# EXERCISE DETAILS
When you reach the line that contains "Disneyland Resort 00s Polo Shirt (XXL)", begin copying exactly and continue through the last line below. Do not copy pictures.

# Caption-style text data
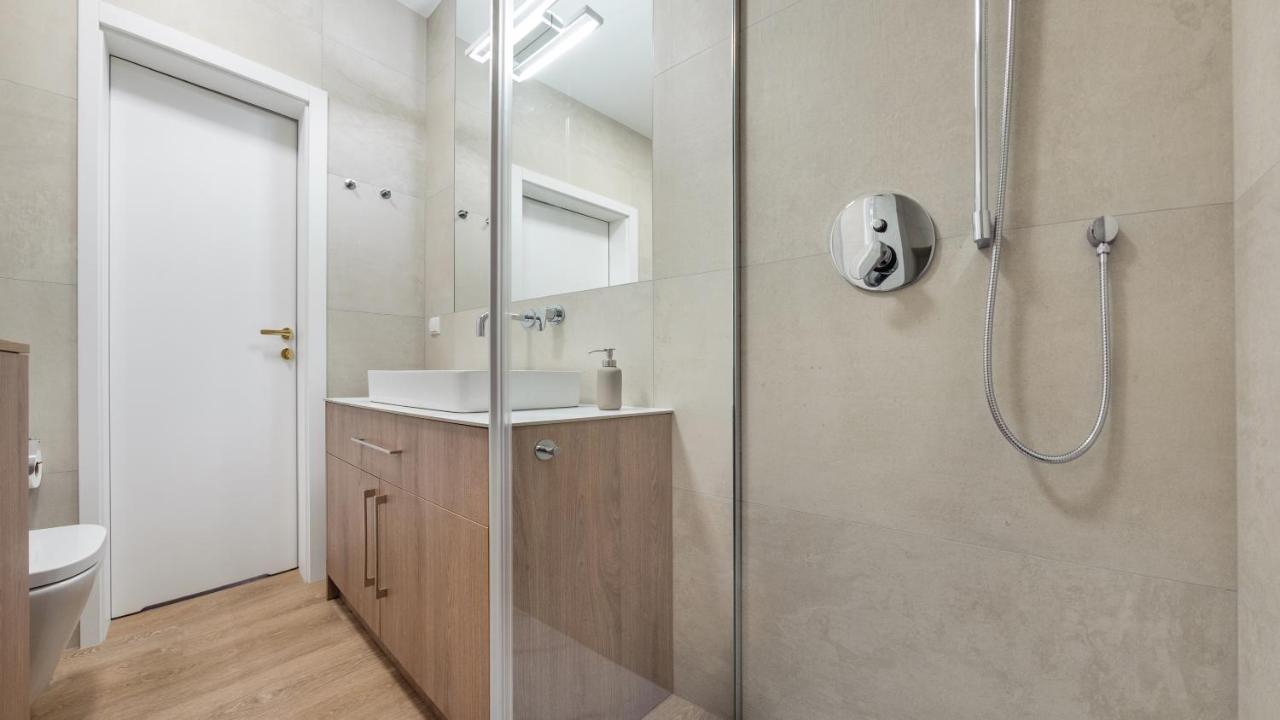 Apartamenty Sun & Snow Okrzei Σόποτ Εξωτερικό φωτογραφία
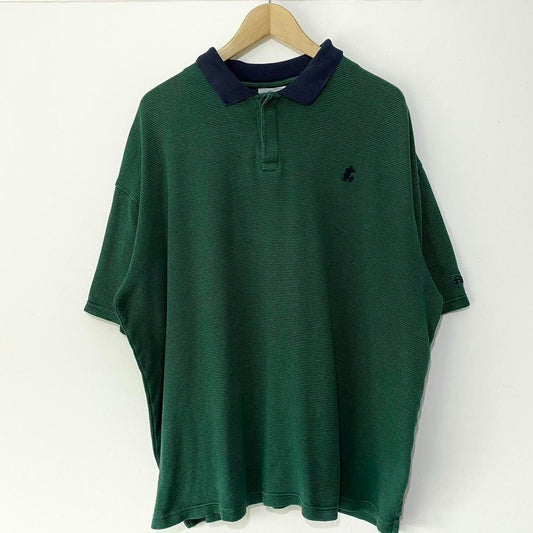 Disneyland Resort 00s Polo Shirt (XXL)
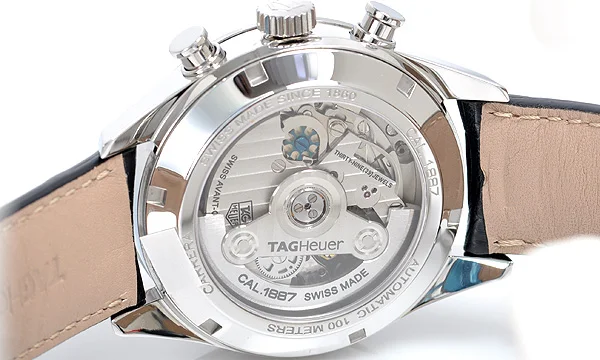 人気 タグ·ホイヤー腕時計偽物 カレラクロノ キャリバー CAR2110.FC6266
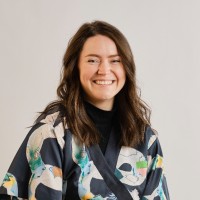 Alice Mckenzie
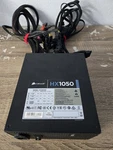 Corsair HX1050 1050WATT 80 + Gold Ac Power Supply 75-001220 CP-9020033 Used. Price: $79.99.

# SOLUTION FOR THIS EXERCISE
 Disneyland Resort 00s Polo Shirt (XXL)
 人気 タグ·ホイヤー腕時計偽物 カレラクロノ キャリバー CAR2110.FC6266
 Alice Mckenzie
 Corsair HX1050 1050WATT 80 + Gold Ac Power Supply 75-001220 CP-9020033 Used. Price: $79.99.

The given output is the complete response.